Vie - Flavius Josèphe

CHAPITRE XXXI

Ainsi par ma résolution et par mon adresse, j'évitai ce second péril. Quelques autres d'entre les séditieux continuaient encore à émouvoir le peuple en lui disant qu'il fallait tuer ces deux seigneurs qui s'étaient réfugiés auprès de moi, puisqu'ils refusaient de se soumettre aux lois d'un pays où ils venaient chercher leur sûreté, et que c'étaient des empoisonneurs qui favorisaient le parti des Romains.
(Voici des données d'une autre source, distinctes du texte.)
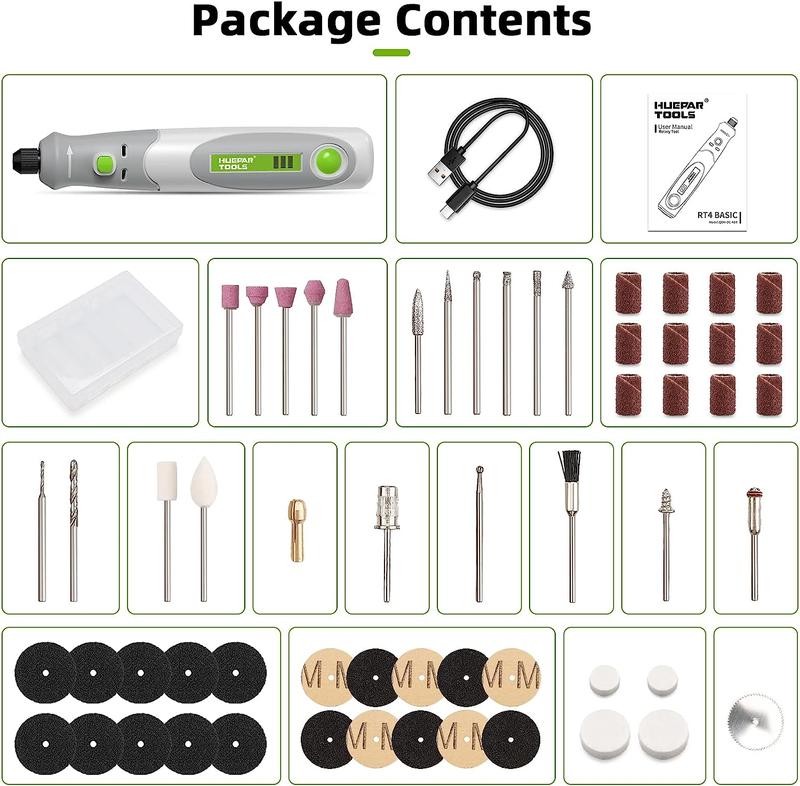 Product Introduction of Electric Drill Die Grinder Engraver Polisher with 4V Mini Cordless Rotary Tools Set Kit For Huepar tools RT4-basic 15000RPM 30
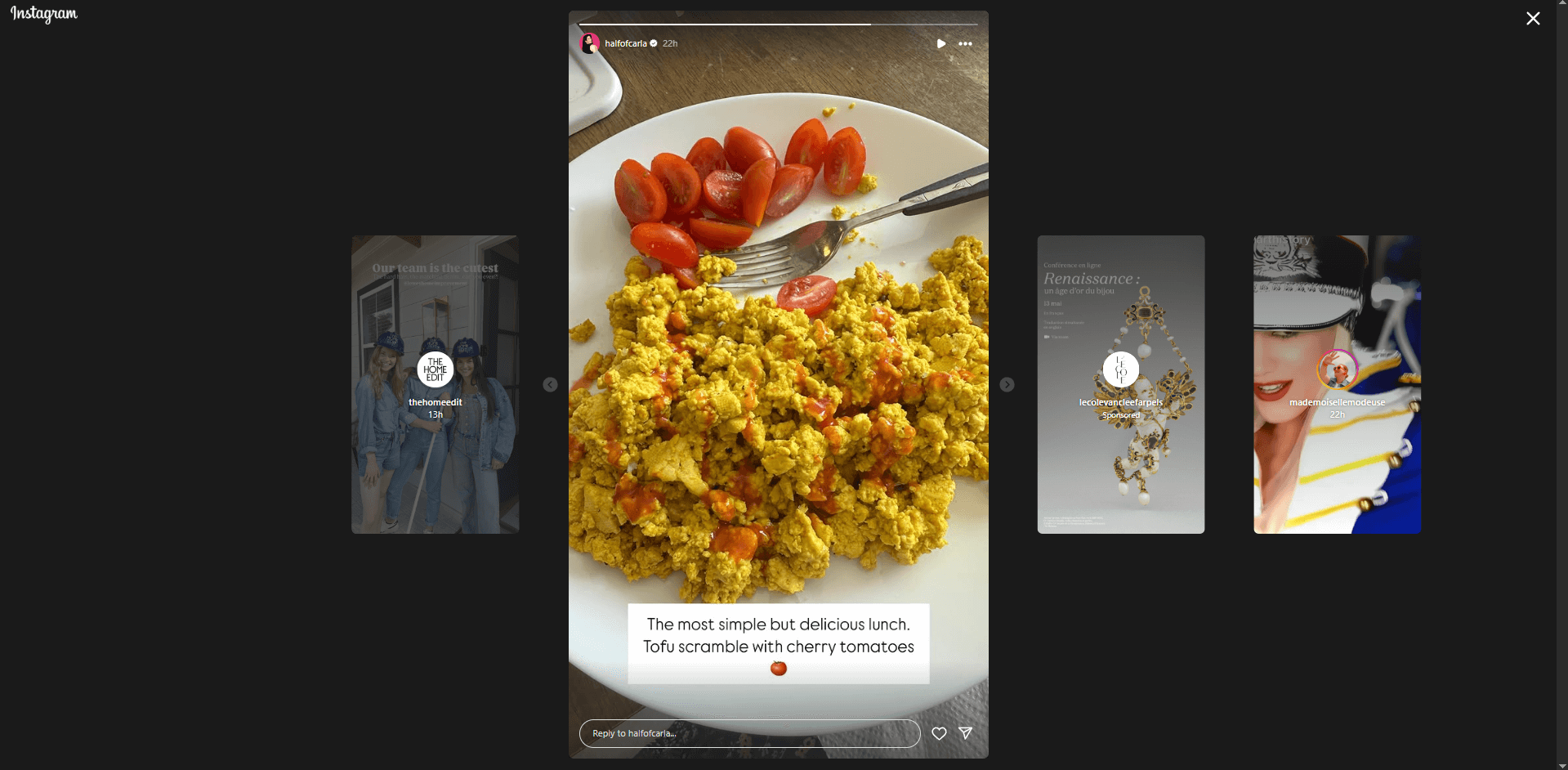 Repas publié en story Instagram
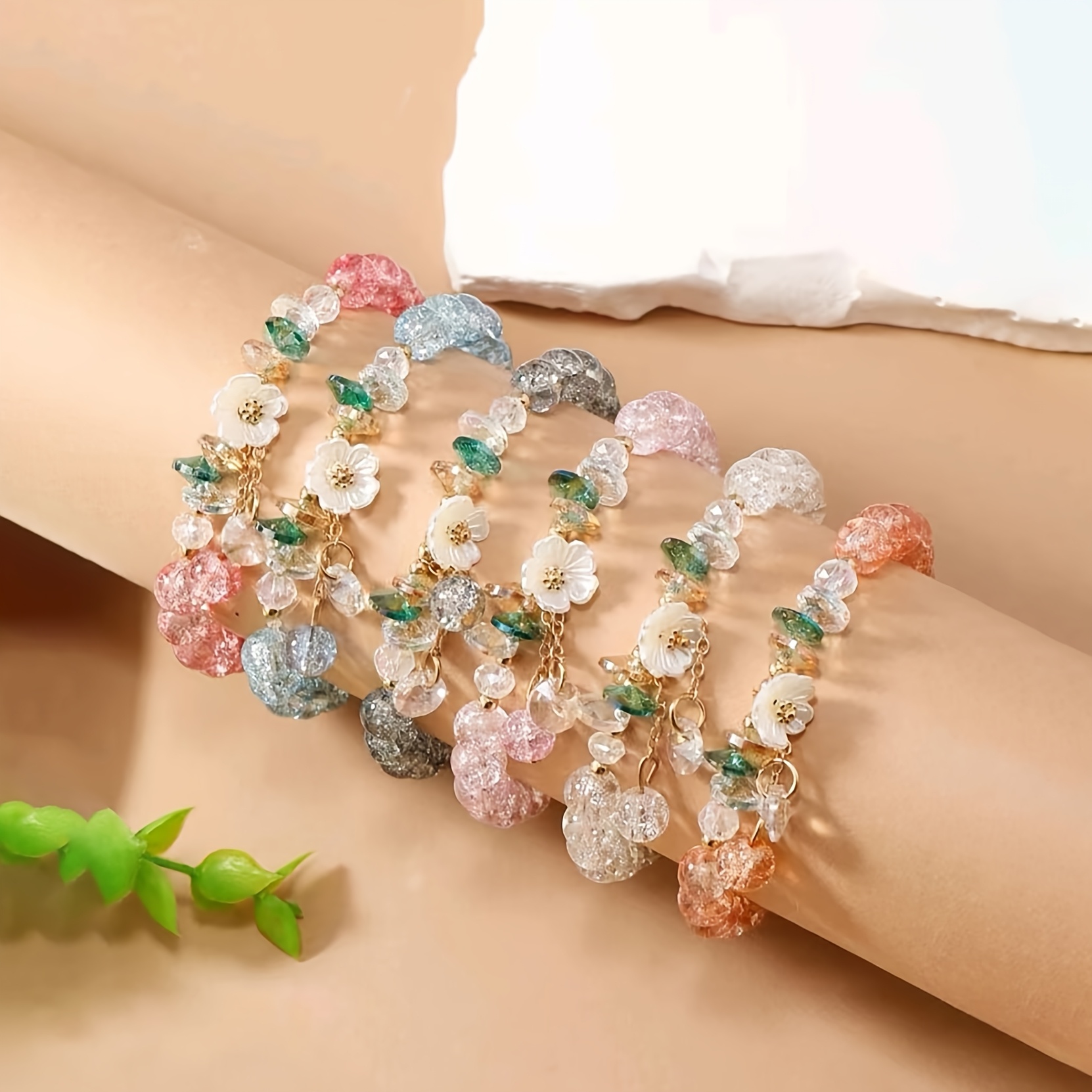 

Set Of 6 -style Floral Glass Beaded Bracelets For Women - Adorable And Trendy - Fashionable And Stretch Bracelets Use, For .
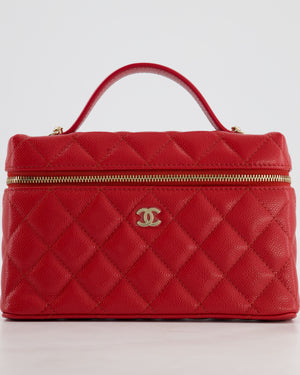 Chanel Red Long Vanity Case Bag in Caviar Leather with Champagne Gold Hardware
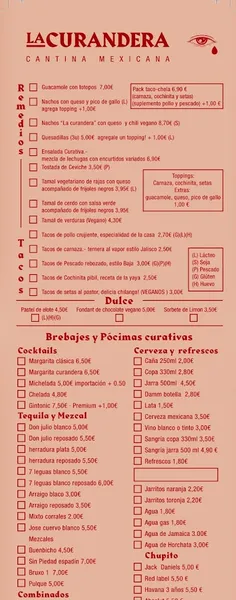 menu 0 of La Curandera Barceloneta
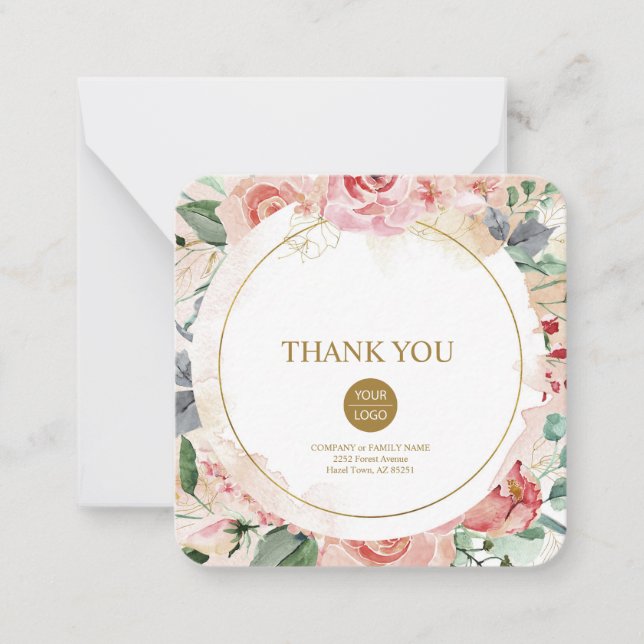 Elegant custom pastel floral rose "Thank you" Note Card (Front)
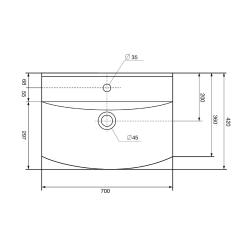Тумба с раковиной RUVANN Yuton 70 подвесная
Lorsque je vis que le peuple se laissait tromper par ce discours, je leur dis qu'il était injuste de persécuter ainsi des gens qui étaient venus chercher un asile parmi eux ; que ces empoisonnements dont on leur parlait n'étaient qu'une imagination et une chimère, puisque les Romains n'auraient pas besoin d'entretenir un si grand nombre de légions, s'ils pouvaient par un tel moyen se défaire de leurs ennemis. Ces paroles les adoucirent ; mais les artifices de ces mutins les irritèrent de nouveau, et ils allèrent en armes assiéger les maisons de ces deux seigneurs avec dessein de les tuer. J'en fus averti, et dans la crainte que j'eus que, s'ils commettaient un si grand crime, personne ne voulût plus se retirer parmi nous, je résolus d'aller à l'heure même, accompagné de quelques-uns des miens chez ces étrangers. Je fis aussitôt fermer les portes de leur logis, et avant fait creuser un fossé jusqu'au lac qui en était proche, je montai avec eux en bateau et les conduisis jusque sur la frontière des Ipéniens. Là je leur payai le prix de leurs chevaux qu'ils n'avaient pu emmener, et en leur disant adieu, je les exhortai à supporter avec constance le malheur qui leur était arrivé. Mais en vérité j'avais le cœur percé de douleur d'être ainsi contraint d'exposer encore une fois dans un pays ennemi des personnes qui étaient venues chercher leur sûreté près de moi. Je crus néanmoins qu'il valait mieux les mettre en hasard de mourir par la main des Romains, que de les voir assassinés devant mes yeux dans une province où je commandais. Mais ils évitèrent le malheur que j'appréhendais pour eux ; car le roi Agrippa s'adoucit et leur pardonna.